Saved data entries
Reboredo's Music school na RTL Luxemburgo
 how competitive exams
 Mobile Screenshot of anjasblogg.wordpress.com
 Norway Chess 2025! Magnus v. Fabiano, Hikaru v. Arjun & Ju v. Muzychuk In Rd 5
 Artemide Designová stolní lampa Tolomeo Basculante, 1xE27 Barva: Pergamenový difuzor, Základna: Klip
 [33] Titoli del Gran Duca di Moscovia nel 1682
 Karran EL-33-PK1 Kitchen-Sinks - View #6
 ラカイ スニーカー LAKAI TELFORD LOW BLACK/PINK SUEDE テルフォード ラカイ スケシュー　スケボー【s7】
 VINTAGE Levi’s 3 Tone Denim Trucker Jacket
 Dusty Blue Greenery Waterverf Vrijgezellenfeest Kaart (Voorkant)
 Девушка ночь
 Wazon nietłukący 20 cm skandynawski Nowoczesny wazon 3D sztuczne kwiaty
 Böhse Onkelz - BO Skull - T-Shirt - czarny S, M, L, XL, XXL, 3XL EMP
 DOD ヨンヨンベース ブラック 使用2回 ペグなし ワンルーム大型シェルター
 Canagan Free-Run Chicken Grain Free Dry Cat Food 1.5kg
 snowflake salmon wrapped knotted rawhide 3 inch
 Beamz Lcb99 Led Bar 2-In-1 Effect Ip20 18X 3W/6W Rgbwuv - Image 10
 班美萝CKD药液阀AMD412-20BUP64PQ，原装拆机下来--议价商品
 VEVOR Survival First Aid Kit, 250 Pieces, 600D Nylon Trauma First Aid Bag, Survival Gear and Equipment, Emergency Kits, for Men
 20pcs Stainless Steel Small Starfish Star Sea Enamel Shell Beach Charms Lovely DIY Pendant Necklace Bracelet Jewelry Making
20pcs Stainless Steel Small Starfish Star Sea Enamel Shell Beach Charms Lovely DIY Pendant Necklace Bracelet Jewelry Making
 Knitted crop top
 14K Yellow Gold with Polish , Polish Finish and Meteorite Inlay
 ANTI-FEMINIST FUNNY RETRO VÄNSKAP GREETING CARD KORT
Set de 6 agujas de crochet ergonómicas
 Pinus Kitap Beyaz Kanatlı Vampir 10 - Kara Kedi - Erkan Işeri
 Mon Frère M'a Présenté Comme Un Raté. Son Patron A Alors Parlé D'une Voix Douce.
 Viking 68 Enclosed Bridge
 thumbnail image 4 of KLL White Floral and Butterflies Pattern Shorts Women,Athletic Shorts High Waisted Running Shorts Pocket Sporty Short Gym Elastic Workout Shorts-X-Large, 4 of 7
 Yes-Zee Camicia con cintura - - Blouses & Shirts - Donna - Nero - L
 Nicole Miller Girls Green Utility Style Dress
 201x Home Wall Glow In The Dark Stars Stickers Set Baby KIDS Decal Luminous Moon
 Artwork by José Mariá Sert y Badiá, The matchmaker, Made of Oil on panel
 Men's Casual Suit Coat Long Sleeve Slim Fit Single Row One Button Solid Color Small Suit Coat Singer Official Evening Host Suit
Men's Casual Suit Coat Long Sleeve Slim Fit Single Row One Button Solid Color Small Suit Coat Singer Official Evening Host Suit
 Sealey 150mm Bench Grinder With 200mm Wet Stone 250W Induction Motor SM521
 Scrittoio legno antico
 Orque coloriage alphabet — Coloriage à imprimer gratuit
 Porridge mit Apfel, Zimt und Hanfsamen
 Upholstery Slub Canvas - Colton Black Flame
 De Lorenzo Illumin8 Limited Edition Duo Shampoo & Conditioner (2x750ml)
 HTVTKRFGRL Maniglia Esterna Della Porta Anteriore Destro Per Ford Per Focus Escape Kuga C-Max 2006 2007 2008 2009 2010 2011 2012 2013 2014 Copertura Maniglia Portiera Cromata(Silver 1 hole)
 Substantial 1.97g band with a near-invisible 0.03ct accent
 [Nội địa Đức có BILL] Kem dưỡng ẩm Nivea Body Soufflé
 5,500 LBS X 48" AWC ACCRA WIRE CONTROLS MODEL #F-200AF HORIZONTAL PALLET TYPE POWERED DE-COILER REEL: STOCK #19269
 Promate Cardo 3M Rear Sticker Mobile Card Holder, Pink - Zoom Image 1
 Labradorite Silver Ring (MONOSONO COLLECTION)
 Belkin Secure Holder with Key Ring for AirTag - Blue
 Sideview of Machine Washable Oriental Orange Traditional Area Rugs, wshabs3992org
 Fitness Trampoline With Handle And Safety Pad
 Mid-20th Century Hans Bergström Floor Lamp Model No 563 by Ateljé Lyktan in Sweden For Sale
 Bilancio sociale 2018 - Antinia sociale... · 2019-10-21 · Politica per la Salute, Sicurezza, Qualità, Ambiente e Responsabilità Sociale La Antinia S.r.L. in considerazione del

**WORK TASK**. Look above for the line with "Norway Chess 2025!" and the line with "Karran EL-33-PK1 Kitchen-Sinks - View #6", and reproduce exactly those two lines plus every line between, nothing more.

**RESULT**.
 Norway Chess 2025! Magnus v. Fabiano, Hikaru v. Arjun & Ju v. Muzychuk In Rd 5
 Artemide Designová stolní lampa Tolomeo Basculante, 1xE27 Barva: Pergamenový difuzor, Základna: Klip
 [33] Titoli del Gran Duca di Moscovia nel 1682
 Karran EL-33-PK1 Kitchen-Sinks - View #6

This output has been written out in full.